Mit Kanonen auf Ballons schießen: Ein Duell in den Lüften, © Wikimedia Commons

700 Meter über Paris

Im Mai 1808 wetteiferten »zwei tollkühne Herren« ­um das Lächeln einer Tänzerin

Es ist der 3. Mai 1808. Eine Gruppe Schaulustiger hat sich im Garten vor dem Palais des Tuileries in Paris versammelt. Unter den gebannt in die Luft blickenden Zuschauern ist auch eine junge Frau. Die Balletttänzerin Mademoiselle Tirevit, von der es heißt, sie breche den Junggesellen der Pariser Gesellschaft das Herz, so anmutig, grazil und schön seien ihre Bewegungen auf der Opernbühne. »Mein Lächeln schenke ich demjenigen, der über­lebt«, soll sie an jenem denkwürdigen Tag 1808 gegenüber einem Journalisten gesagt haben, kurz bevor zwei identische und eigens für das Unterfangen angefertigte Heißluftballons — mittels eines absolut zeitgleichen Schnitts durch das sie am Boden fesselnde Seil — in das Reich der Winde abhoben.

Der Schriftsteller Clemens J. Setz erwähnt dieses Duell, eher beiläufig, in seinem 2013 erschienenen Montageroman »Indigo«. Ein Duell »zwischen zwei tollkühnen Herren, Monsieur de Grandpré und Monsieur Le Pique, um die Gunst von Mademoiselle Tirevit, einer bekannten Tänzerin. Die Kon­trahenten stiegen damals mit zwei Ballonen rund 700 Meter hoch über die Tuileren und schossen abwechselnd auf die gegnerische Ballonhülle.« Ist das wahr? Oder doch nur wieder eines von Setz’ grandiosen Verwirrspielen, an deren Ende man kaum mehr zwischen Fiktion und Wirklichkeit unterscheiden kann?

Ein Blick in zeithistorische Quellen zeigt: Zahlreiche Medien, von Unterhaltungsblättern bis zu Jahreschroniken, berichteten damals über den gefährlichen Wettstreit zwischen den beiden Herren. »Eine sehr neue Art des Duells fand kürzlich in Paris statt«, heißt es etwa im Edinburgh Annual Register aus dem Jahr 1808,  ein anderes Blatt erzählt von »zwei Herren der vornehmen Pariser Welt«, deren Streit um eine Tänzerin »nicht zu ebener Erde, sondern in den Lüften ausgefochten werden« sollte.

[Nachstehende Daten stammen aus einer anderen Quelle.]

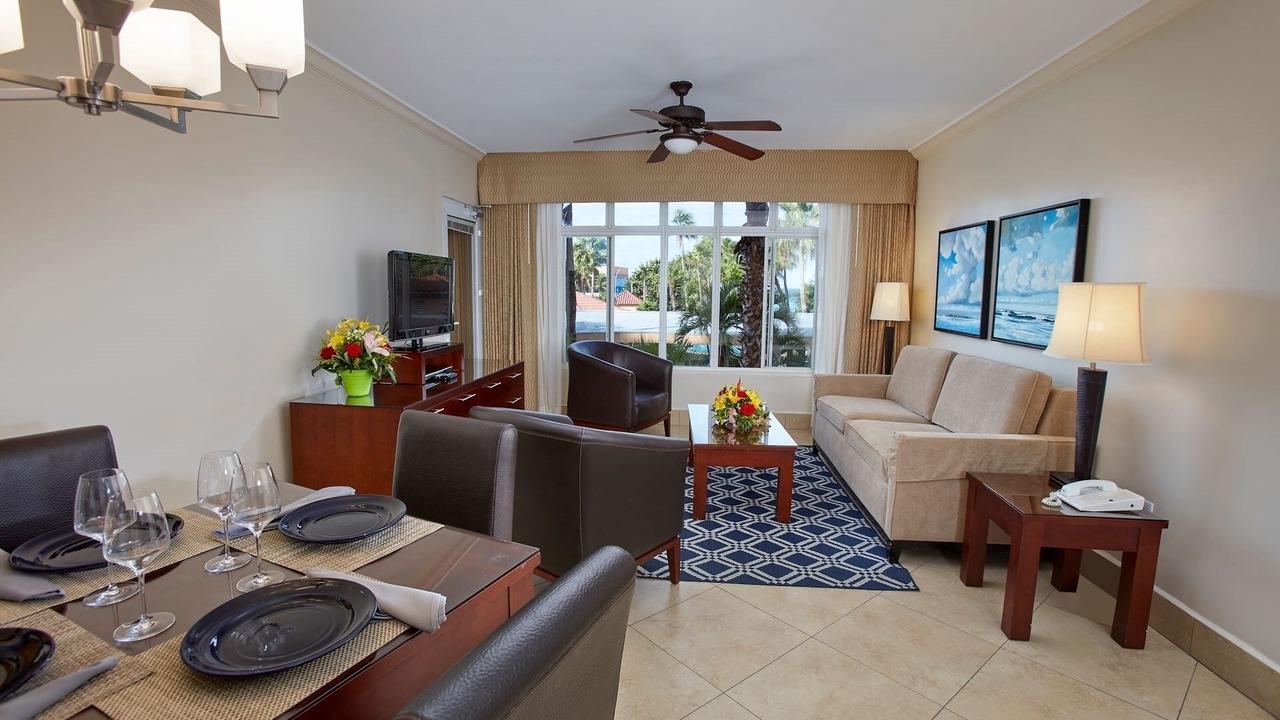 Photo of Others in Oranjestad-West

Mit jeweils einem Sekundanten an Bord zielten die Kontrahenten mit Donnerbüchsen auf den gegnerischen Ballon: erst Monsieur Le Pique, dessen Schuss daneben ging, dann Monsieur Grandpré. Er traf — und statt des angenommen Szenarios, nämlich dass der Ballon durch das Einschussloch an Luft verlieren könnte und langsam zu Boden sinken würde — heißt es, Monsieur Le Pique und sein Sekun­dant wurden beim Absturz auf einem Pariser Hausdach »dashed in pieces«, in Stücke gerissen. Kaum ein Mensch ist jemals tiefer für die Liebe gefallen.